Depuis 2002, année où la MSA a pris en charge la comptabilisation des non-salariés agricoles, il apparaît que le nombre de décès lors de renversements de tracteurs, c'est-à-dire sans tenir compte des autres types d'accidents, se situe entre soixante-dix et une centaine par an, soit plus de deux fois et demi le nombre de salariés agricoles tués pendant la même période. Ces chiffres sont d'autant plus significatifs que, dans les exploitations où travaillent des salariés, les arceaux de sécurité sont obligatoires.
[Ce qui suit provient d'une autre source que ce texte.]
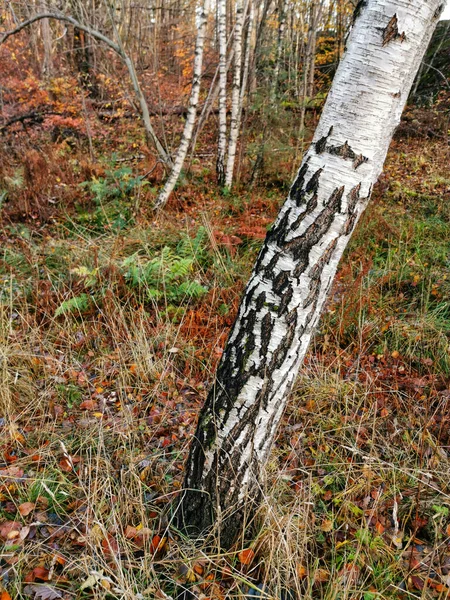 秋の森の中の木の美しいショット Bokesogen Larvik ノルウェー — ストック写真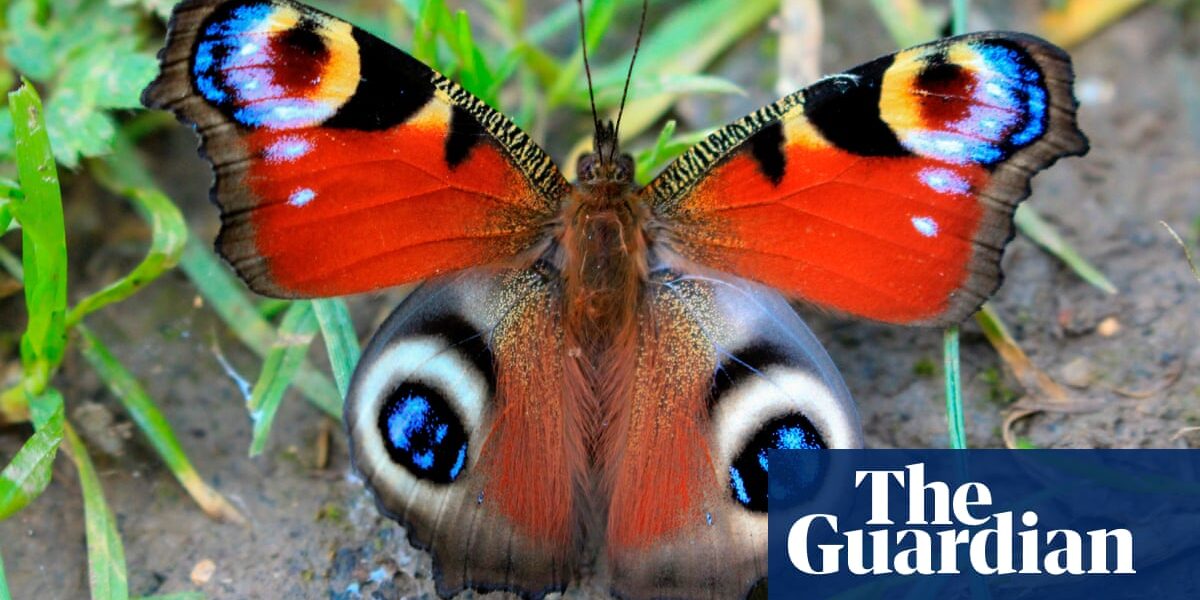 A recent study has uncovered that the genetic makeup of butterflies has remained largely unchanged for the past 250 million years.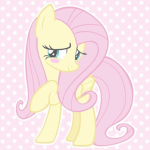 -angel paws-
Dans le département du Tarn, six accidents mortels se sont produits durant le premier semestre de cette année. En moyenne, on dénombre une dizaine d'accidents mortels par an.

De la même manière qu'il est légitime de vouloir diminuer la mortalité routière, il me paraît légitime de vouloir abaisser le nombre de drames ordinaires sur des tracteurs anciens qui conservent une valeur d'usage pour leurs propriétaires. Une aide financière de l'État permettrait assurément, outre une sensibilisation à la sécurité, d'enclencher un processus de sécurisation qui ne s'avère certes pas prohibitif mais qui se mesure au regard de la valeur économique des tracteurs existants. Plusieurs partenaires - l'État, mais aussi la MSA, le conseil général... - pourraient d'ailleurs s'associer sur une telle question.

Telles sont les observations que je vous demande, madame la secrétaire d'État, de bien vouloir transmettre à M. le ministre de l'agriculture.